Michael Ketchmark, the lawyer on the Missouri case who has been leading the settlement talks, praised the deal but said he plans to continue pursuing legal claims against HomeServices’ parent company, Berkshire Hathaway Energy, which has carved out a path in the language of the settlement.

“The long-standing mandatory damages rule is finally dead,” he said in a text message. “A jury of ordinary Missourians spoke, and the industry heard their voice. This settlement allows us to continue to move forward with our national case against Berkshire Hathaway Energy and a handful of large corporate brokers.”

HomeServices was the last brokerage named as a defendant in the Missouri case and still vowed to fight the claims, and in a motion filed March 18, attorneys for the plaintiffs asked it to pay $4.7 billion — triple the damages awarded, less the settlement amounts from NAR and the other brokerages.

“The decision to settle was driven by a desire to remove the uncertainty brought about by the lengthy appeal and litigation process. This decision allows us to focus on our primary goal: providing unmatched value in the real estate market and serving home buyers and sellers with the highest standards of service,” said Chris Kelly, executive vice president of HomeServices, in a email statement. The settlement added, “It will protect our nearly 70,000 agents, 51 brands and over 300 franchisees and licensees from related lawsuits. The financial terms of the settlement represent a full commitment by Home Services, independent of any parent entity involvement, to effectively end our involvement in the antitrust litigation.”
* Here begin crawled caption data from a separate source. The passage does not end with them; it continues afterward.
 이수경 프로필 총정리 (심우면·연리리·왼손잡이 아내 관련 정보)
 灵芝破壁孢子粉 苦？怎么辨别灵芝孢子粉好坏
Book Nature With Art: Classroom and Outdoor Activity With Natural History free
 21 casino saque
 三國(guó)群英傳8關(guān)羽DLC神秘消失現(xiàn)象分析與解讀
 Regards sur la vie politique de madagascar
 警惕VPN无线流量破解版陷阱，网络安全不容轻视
The deal, which is still subject to court approval, does not close the door on Mr Buffett’s legal troubles within the real estate industry. HomeServices’ parent company, Berkshire Hathaway Energy, remains embroiled in a separate, and potentially more sweeping, lawsuit over real estate commissions.
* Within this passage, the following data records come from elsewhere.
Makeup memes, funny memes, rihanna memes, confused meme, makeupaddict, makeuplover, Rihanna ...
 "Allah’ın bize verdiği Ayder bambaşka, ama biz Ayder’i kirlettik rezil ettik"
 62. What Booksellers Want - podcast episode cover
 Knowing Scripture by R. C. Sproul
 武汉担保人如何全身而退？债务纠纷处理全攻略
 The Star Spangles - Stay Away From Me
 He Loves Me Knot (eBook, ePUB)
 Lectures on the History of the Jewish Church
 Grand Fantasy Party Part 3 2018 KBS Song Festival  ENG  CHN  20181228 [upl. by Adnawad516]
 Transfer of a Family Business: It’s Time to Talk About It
Last month, three home sellers who filed a nationwide antitrust lawsuit in October amended their complaint to add Berkshire Hathaway Energy, the unit that controls HomeServices of America, to its lineup of defendants that includes Compass, eXp World Holdings, Douglas Elliman and Redfin. Compass settled for nearly $58 million last month, but the other brokerages have yet to budge.

And as part of the multi-billion dollar empire of Mr. Buffett’s Berkshire Hathaway Energy is by far the biggest target.

The suit claims that Berkshire Hathaway Energy played on the reputation of Mr. Buffett to attract customers and boost business, and claims that real estate agents working with Berkshire Hathaway representatives were defrauded of as much as $4.2 billion in 2023.

NAR’s legal battles aren’t resolved, either. This month, a three-judge panel of the US District of Columbia Court of Appeals ruled that the Justice Department can reopen an antitrust investigation into the powerful group, presenting an opportunity for the government to scrutinize NAR’s agent compensation rules. long enforcement over the industry.

With the many settlements, “there’s an implicit recognition that these were not pro-consumer rules,” said Randy Airst, chief executive of real estate analytics firm Exceedant.

Because HomeServices was part of Mr. Buffett’s empire, it did not face the same financial constraints as the other brokerages involved in the lawsuits, Mr. Airst said, so it was not under the same pressure to settle. The agreement, he added, points to a change in public sentiment over commissions.

“We live in a different world now,” he said.